Prof Muigai, who was absent during the melee, had advised against some clauses in the controversial Security Amendments law, some of which were later declared unconstitutional by the High Court.
In 2015, Mr Muturi featured prominently in the intrigues that led to the forced resignation of three Ethics and Anti-Corruption Commission (EACC) commissioners, Mumo Matemu (chairman), his deputy Irene Keino and Prof Jane Onsongo.
Ms Keino claimed she and Prof Onsongo were summoned to a meeting by Mr Muturi, Mr Abdikadir Mohammed and the chairman of the Parliamentary Committee on Justice and Legal Affairs, Mr Samuel Chepkong’a, and asked to quit.
In turn, the two were promised ambassadorial positions as a safe landing from the commission, which now has the onerous task of investigating 175 public officers over corruption allegations.
“On March 31, 2015, I received a call at around 11.30am for a meeting and was told that Prof Onsongo had agreed to resign.
“I was also requested to resign and be given a new job as deputy ambassador to Brazil, which I flatly declined,” Ms Keino had said.
However, Mr Muturi’s version on how Ms Keino and Prof Onsongo left office is different.
He told the Sunday Nation then that Prof Onsongo had initially volunteered to resign, but withdrew the offer only for her to turn around and resign.
“I was shocked to read that I coerced her into resigning.

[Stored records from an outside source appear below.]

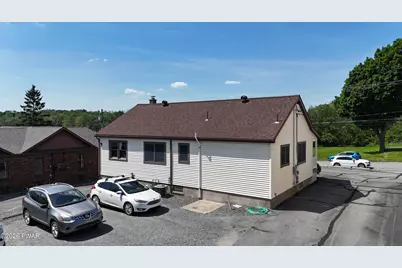 610 Hamlin Highway, Lake Ariel, PA 18436 - Photo 8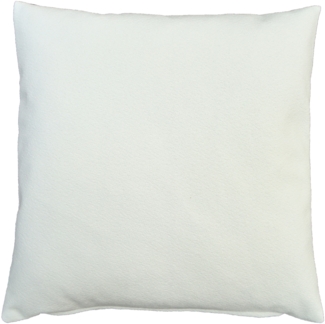 Kissenhülle BALANCE (BL 48x48 cm)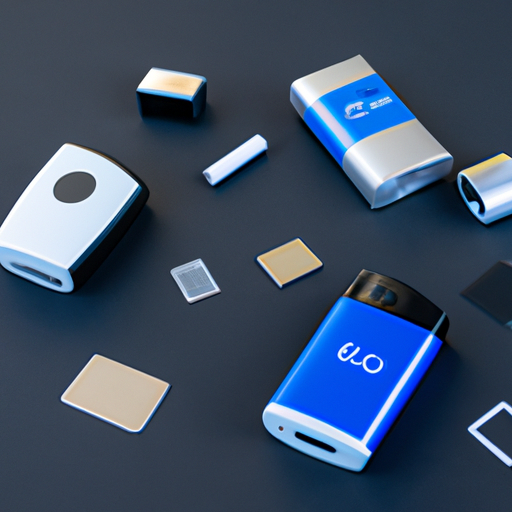 application development in Cigarette Lighter Assemblies for 155: key technologies and success stories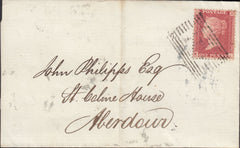 111853 - PL.52 (ML)(SG40) ON COVER.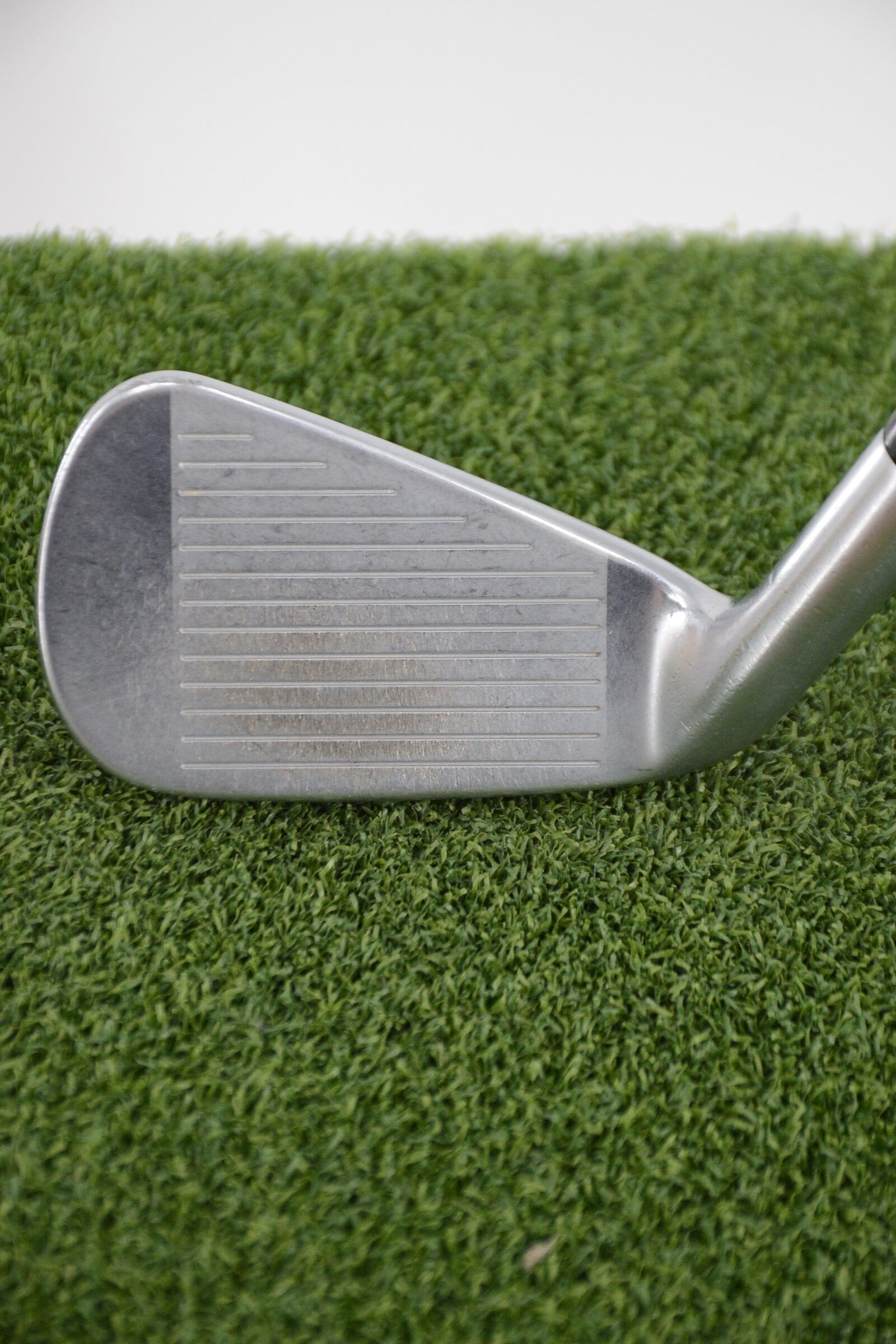 Callaway Apex Forged 6 Iron R Flex 37" Golf Clubs GolfRoots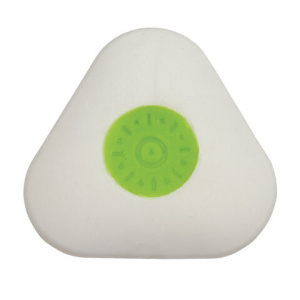 13ab64c8f0ce2088056183d7a674fd19_x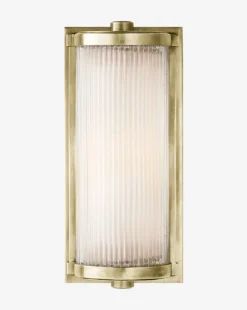 Dresser Glass Rod Light -Bloomingville Shop DresserGlassRodLight MLHT0151 ANI SH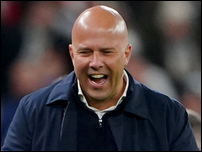 ���� ����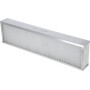 Filtre MANN-FILTER CUD50007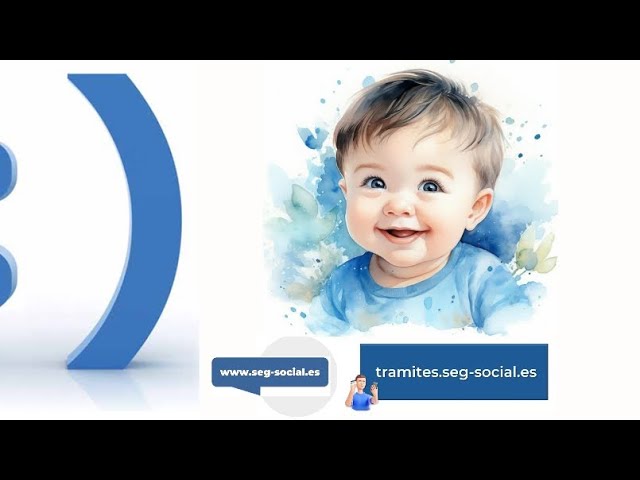 tesoreria de la seguridad social vilanova i la geltru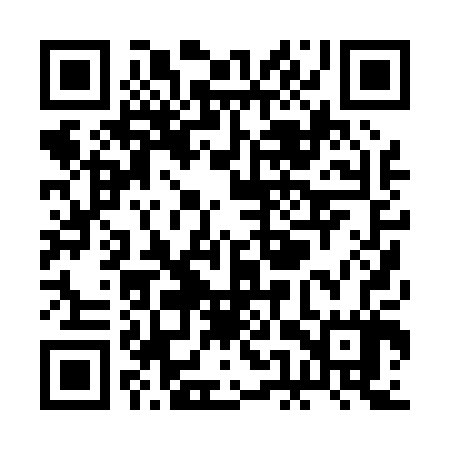 QR code for REP007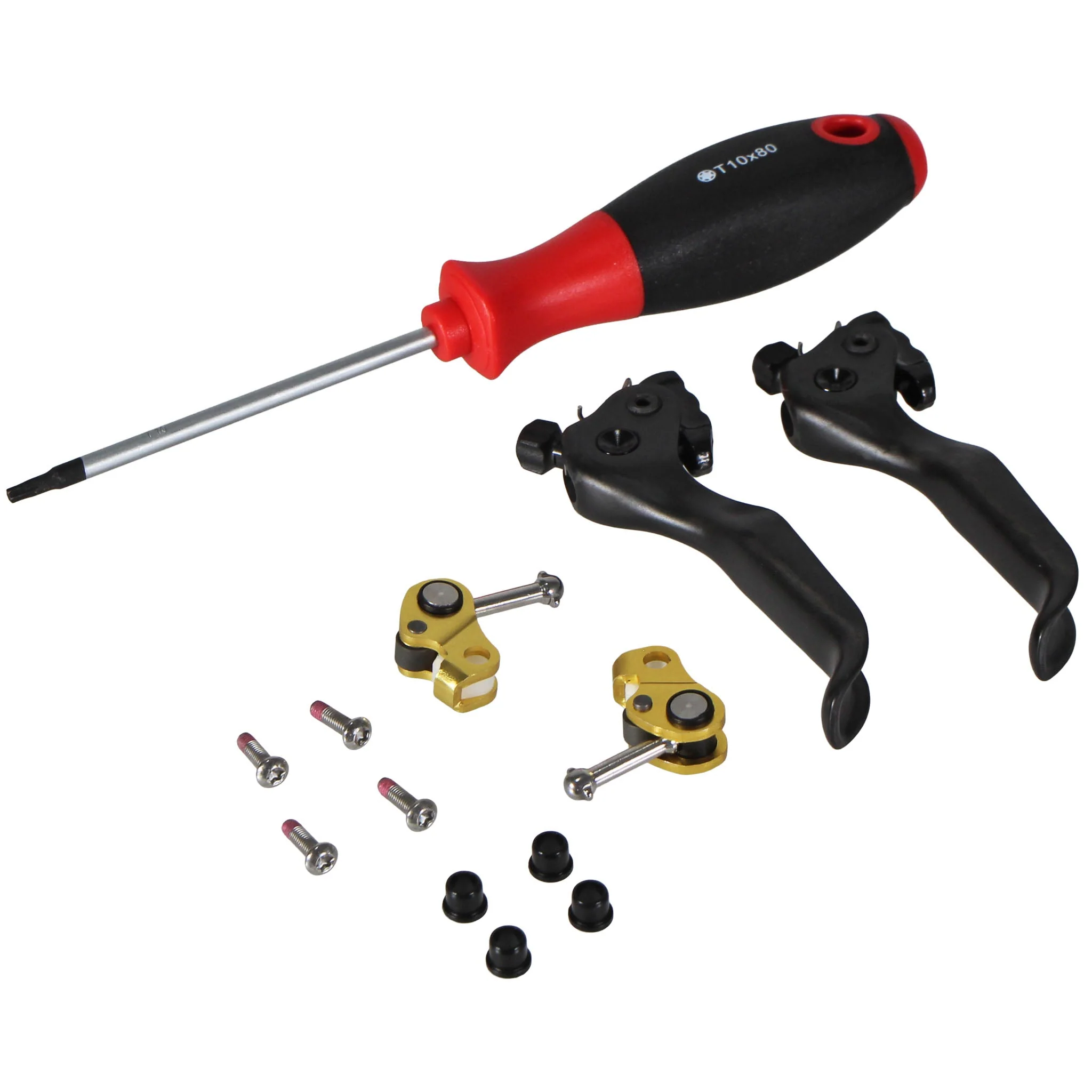 SRAM Holiday Sale 2025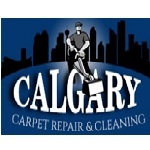 Calgary Carpet Repair & Cleaning, Calgary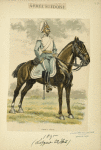 Norway and Sweden, 1890-95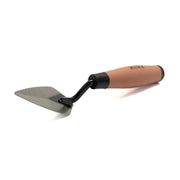 Hilka Soft Grip Pointing Trowel, 4" - Pack of 12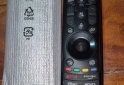 Electrónica - Venta control Magic remot LG✅️ 🔝 - En Venta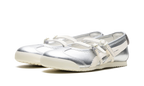 Onitsuka-tiger|mexico-66-tgrs-wmns-silver-cream-153315
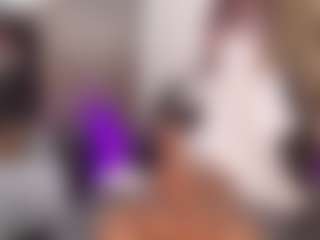 Veronica's Live Sex Cam Show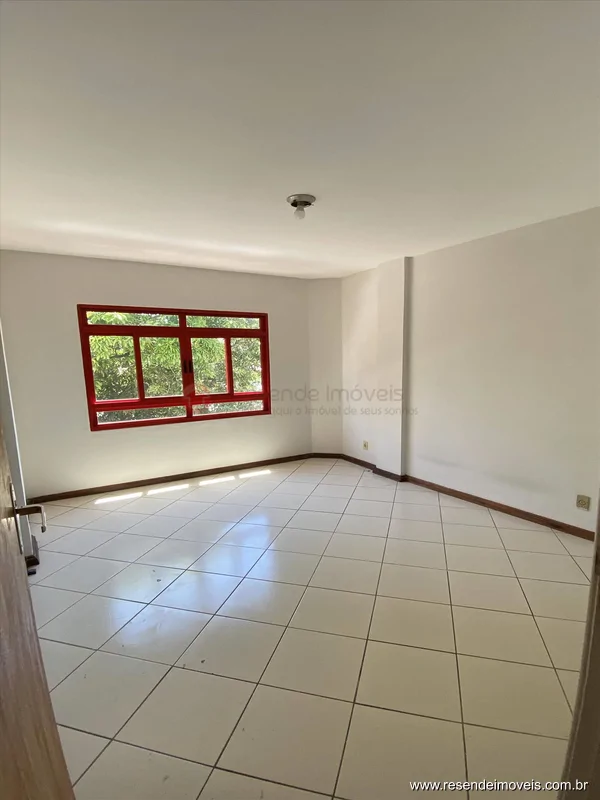 Foto 4 de 15 - Apartamento para aluguel em Campos Elíseos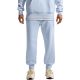 Nike Club BB Jogger Men's Pants Blue FN3787 407 XL
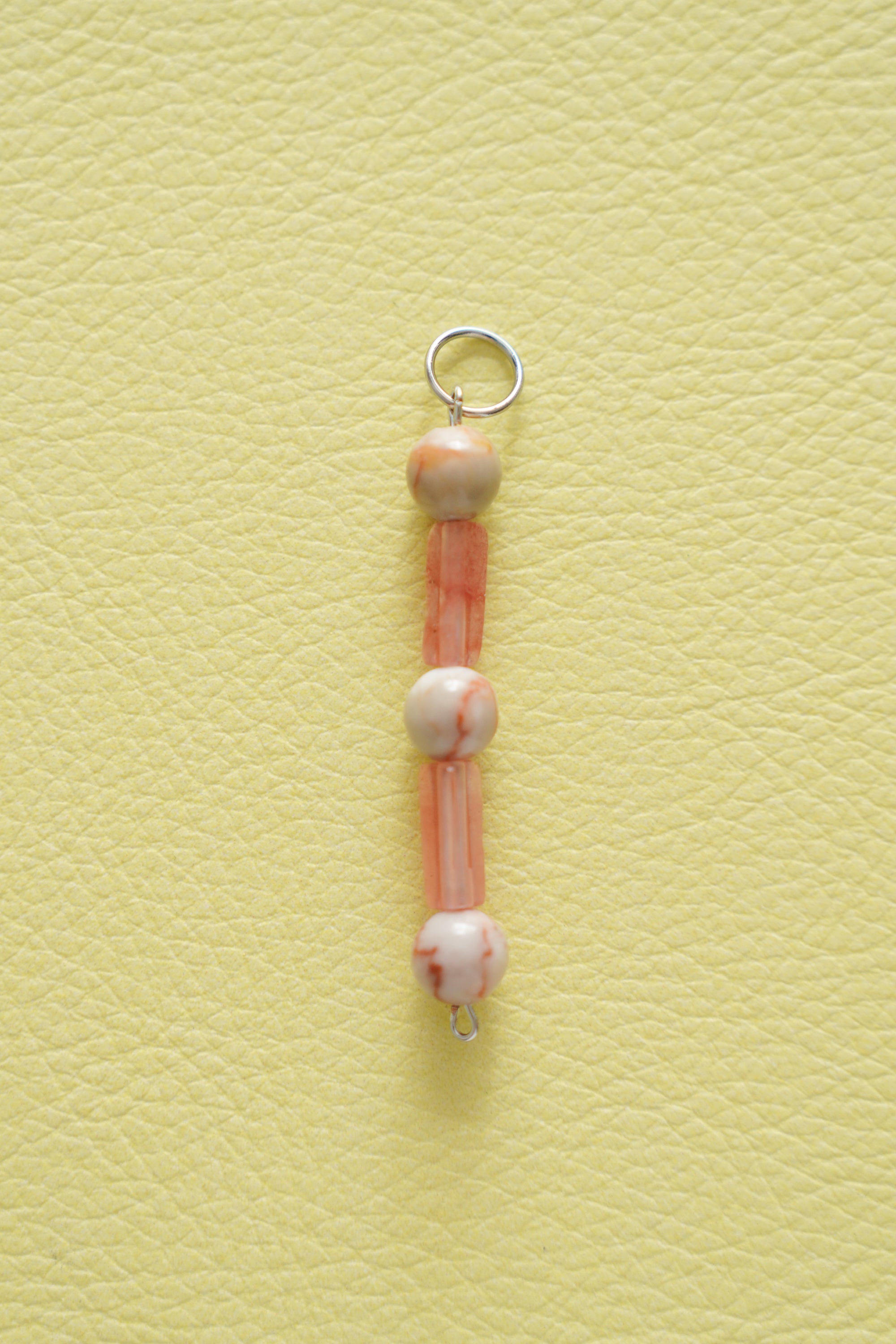 CHARM #57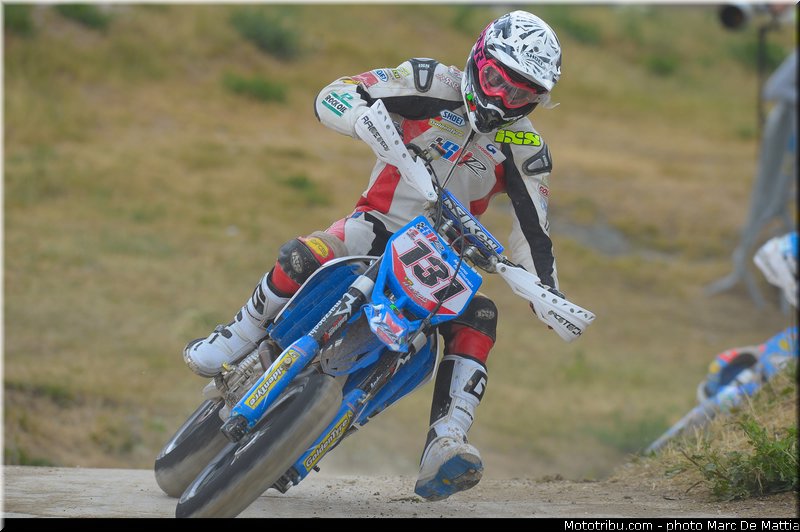 italie_hermunen_006_supermotard_2012_alpe_huez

Prof Onsongo wanted to resign and as she put it, she didn’t want her name soiled.”
In his last years in office, Mr Muturi, sources claimed, was behind a scheme to kick out Prof Muigai from office because of his strict application of the law even when it touches on politically driven bills initiated by the government.
The 2017 Office of the Attorney- General (Amendment) Bill that seeks to establish a procedure for removing the AG from office is associated with him.
The bill was originated by the National Assembly’s Justice and Legal Affairs Committee two years ago, but its publishing last year was viewed as suspiciously targeted at ousting Prof Muigai.
It did not escape the keen eyes of observers that while the bill seeks to hand the process of removing the AG to Parliament, it cushions the SG’s office by making him serve at the pleasure of the President.
This meant that while Prof Muigai could be kicked out of office by MPs, it would take President Kenyatta to sack Mr Muturi.
Despite obvious differences in opinion, Prof Muigai and Mr Muturi always maintained that there was no bad blood between them until the very end when they were both removed from office.